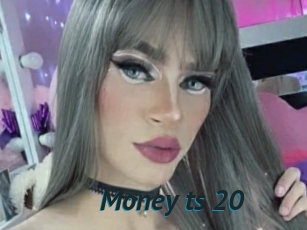 Money_ts_20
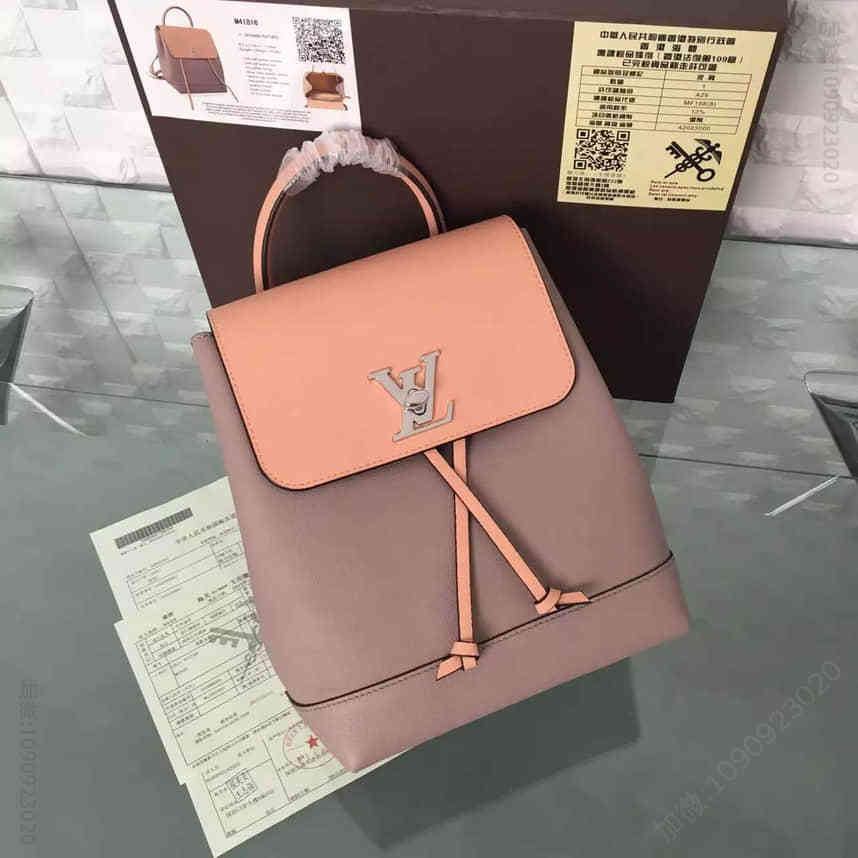 LV M41816 原单海外正品（专柜货）国际顶级包包图片大全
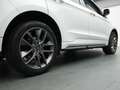 Ford Edge ST-Line 209PS Aut. 4x4/Pano/Klimaautom./ACC Blanc - thumbnail 35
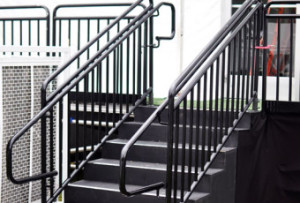 stair-rental-tampa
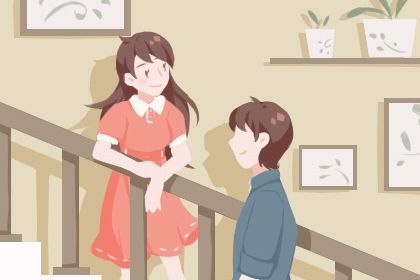 祝福新婚的美句祝福新婚快乐的句子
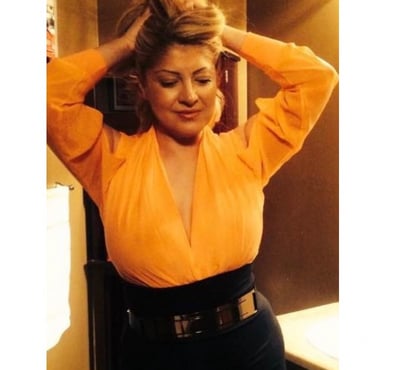Escort Sutton Town Centre Sutton - Photos for Lovely Sophie Amazing service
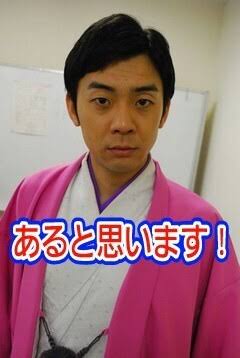 家族仲が良い=子供は良い子に育つ?
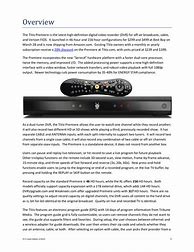 Image result for TiVo Boxes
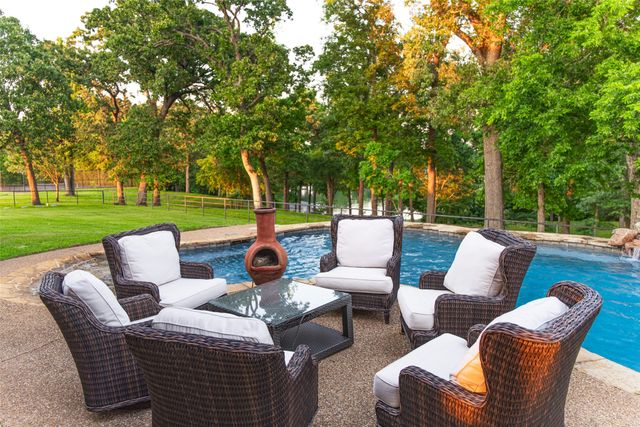 1281 County Road 3113, Jacksonville, TX 75766
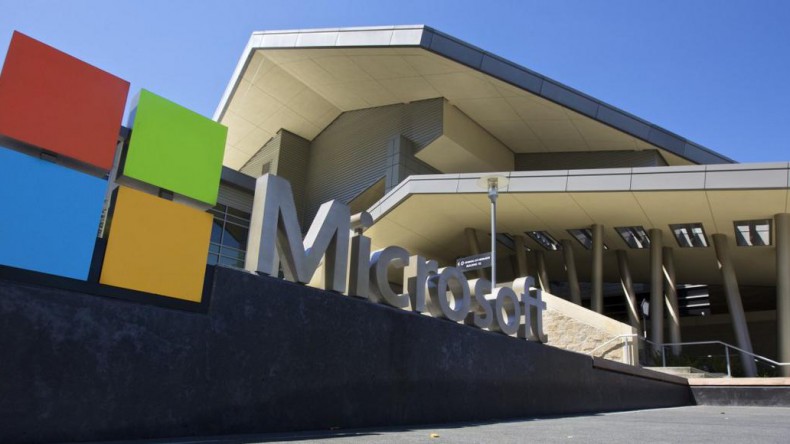 В офисе Microsoft в Японии перешни на четырёхдневную рабочую неделю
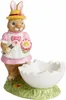Villeroy & Boch Bunny Tales Eierbecher Anna Produktbild-Vorschau 1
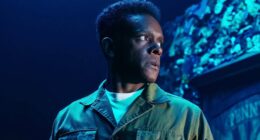 Welcome to Derry’ Will Connect to One of Stephen King’s Most Underrated Stories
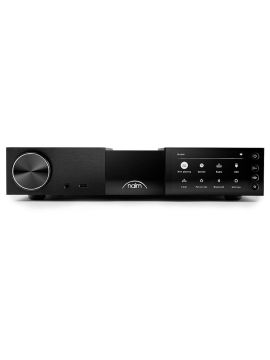 Сетевой проигрыватель Naim NSC 222 New Classic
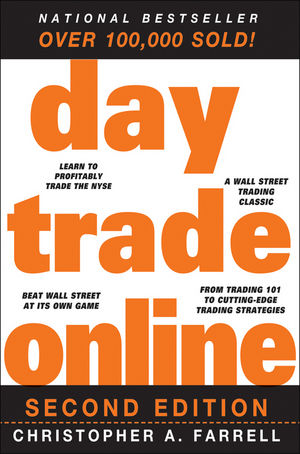 Stock Trader's Almanac 2025 | Wiley
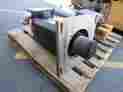 A06b-0859-b102 Ge Fanuc Ac Spindle Motor Model 22 8000 Type 3000 See Pics
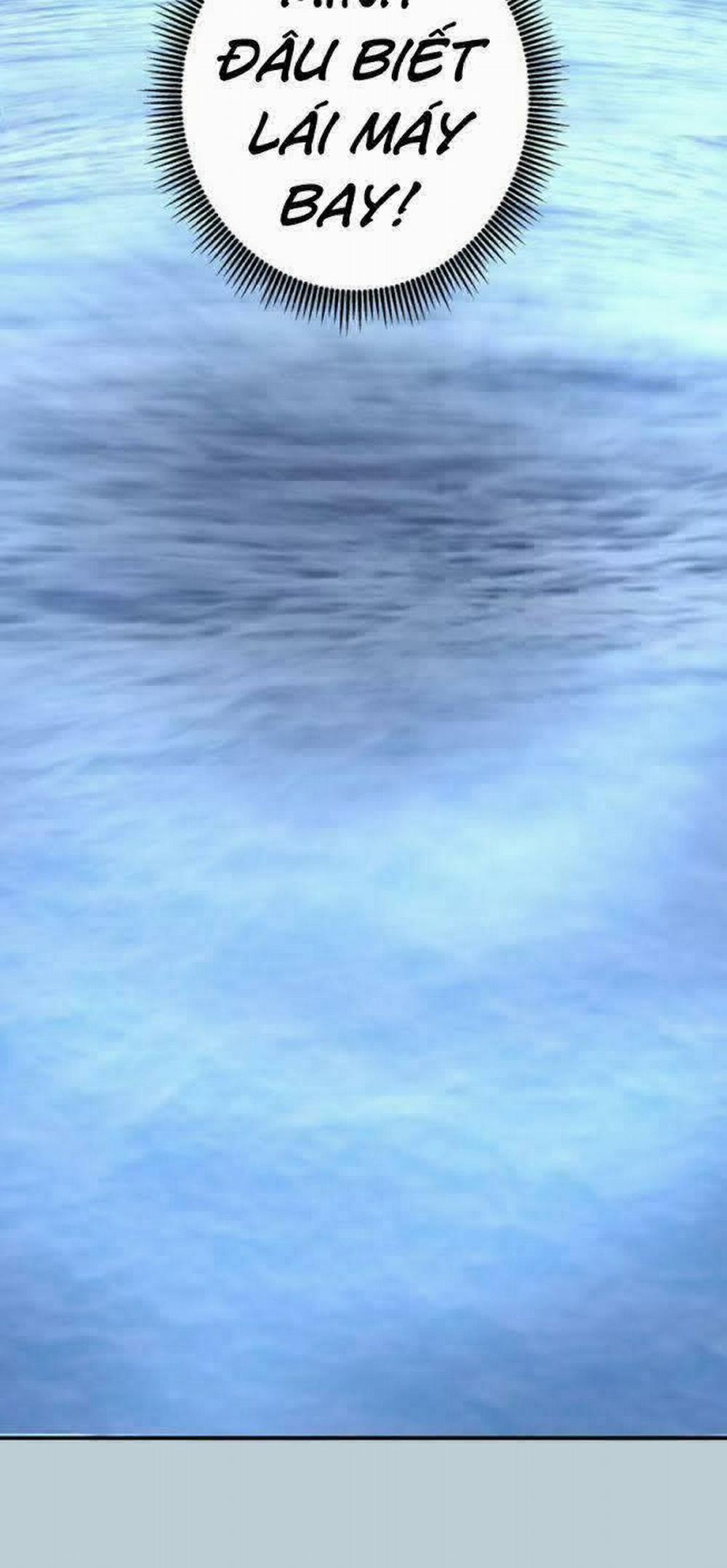 Cao Đẳng Linh Hồn 36 trang 5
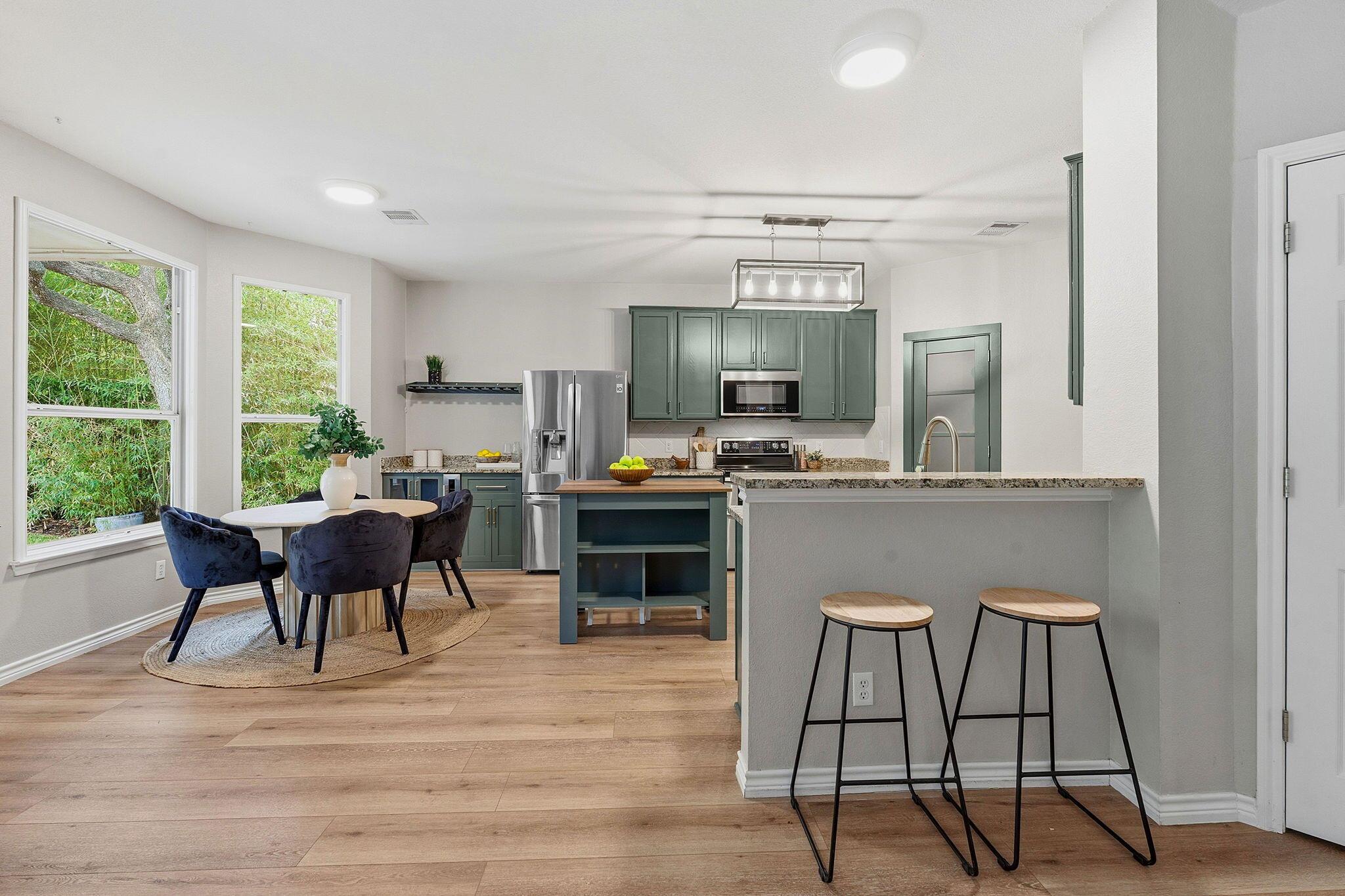 3605 Galena Hills Loop, Round Rock, TX 78681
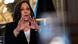 Vizepräsidentin Kamala Harris Vizepräsidentin Kamala Harris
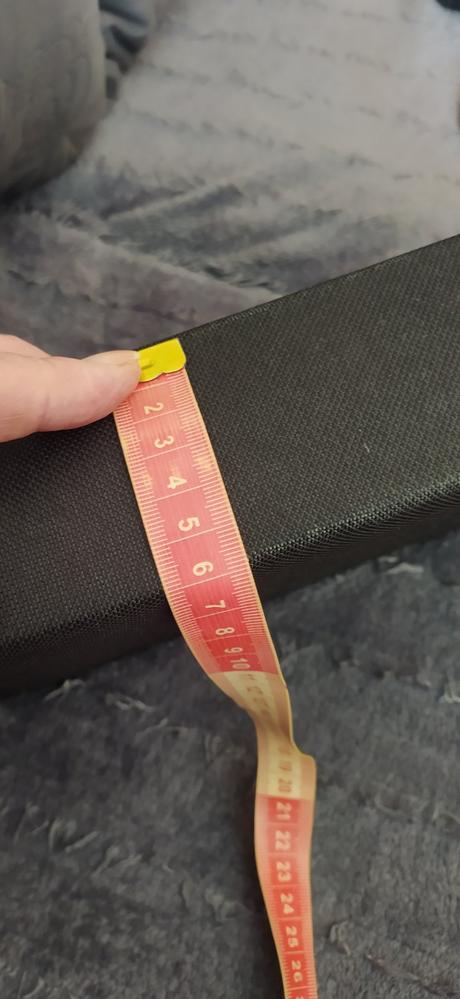 Obal na cokolvek i na cda dvd,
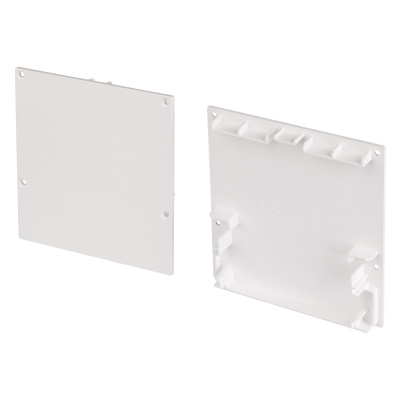 790dffafb648e1a7b910349ac189e393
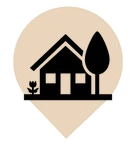 Plan de atención en residencias para mayores Plan de atención en residencias para mayores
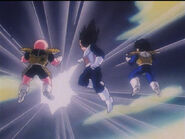 Dbz81-10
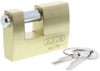 Padlocks - 3401226 - RS Components, Ltd.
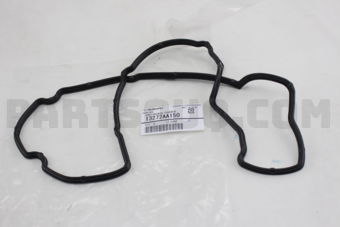 13272AA150 GSKT-ROCKER COVERLH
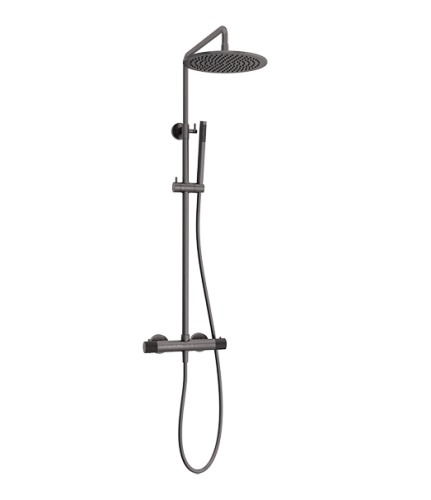 item_3455.png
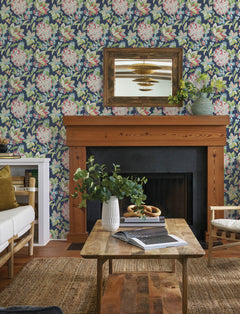 4146-27224-peel-and-stick-wallpaper-room-scene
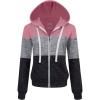 Wsk2302_mauve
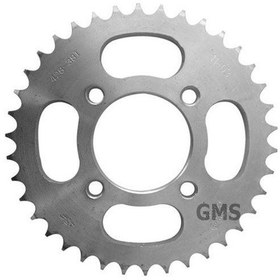 Resim MONDİAL ARKA DİŞLİ 36 DRİFT-GN-KN-WİNDY 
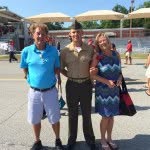 Patty Sander - @pittlingpat - Instagram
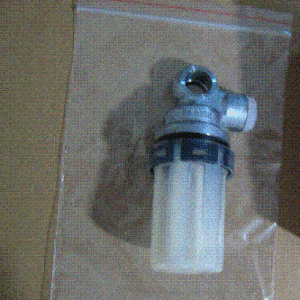 BF068 FUEL FILTER PART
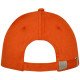 Gorra Elevate Life Doyle
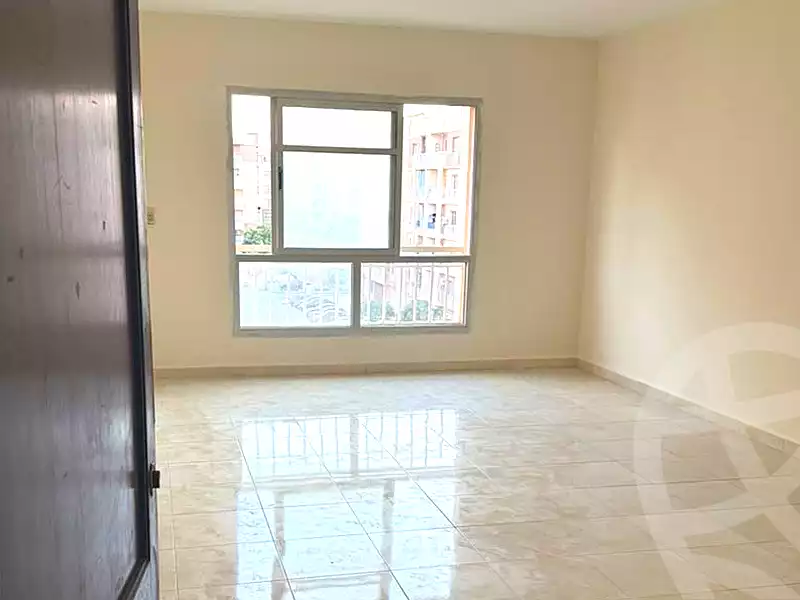 https://aqarmap.com.eg/ar/listing/7298575-for-sale-cairo-new-cairo-madinaty-eleventh-zone-buildings-madinaty-b-11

● ● ● ●

Starting with the line that holds "В офисе Microsoft", repeat exactly every line through the end of the material above, both ends included, without the pictures.

Answer box
 В офисе Microsoft в Японии перешни на четырёхдневную рабочую неделю
Villeroy & Boch Bunny Tales Eierbecher Anna Produktbild-Vorschau 1
 Welcome to Derry’ Will Connect to One of Stephen King’s Most Underrated Stories
 Сетевой проигрыватель Naim NSC 222 New Classic
 Stock Trader's Almanac 2025 | Wiley
 A06b-0859-b102 Ge Fanuc Ac Spindle Motor Model 22 8000 Type 3000 See Pics
 Cao Đẳng Linh Hồn 36 trang 5
 3605 Galena Hills Loop, Round Rock, TX 78681
 Vizepräsidentin Kamala Harris Vizepräsidentin Kamala Harris
 Obal na cokolvek i na cda dvd,
 790dffafb648e1a7b910349ac189e393
 Plan de atención en residencias para mayores Plan de atención en residencias para mayores
 Dbz81-10
 Padlocks - 3401226 - RS Components, Ltd.
 13272AA150 GSKT-ROCKER COVERLH
 item_3455.png
 4146-27224-peel-and-stick-wallpaper-room-scene
 Wsk2302_mauve
 Resim MONDİAL ARKA DİŞLİ 36 DRİFT-GN-KN-WİNDY 
 Patty Sander - @pittlingpat - Instagram
 BF068 FUEL FILTER PART
 Gorra Elevate Life Doyle
 https://aqarmap.com.eg/ar/listing/7298575-for-sale-cairo-new-cairo-madinaty-eleventh-zone-buildings-madinaty-b-11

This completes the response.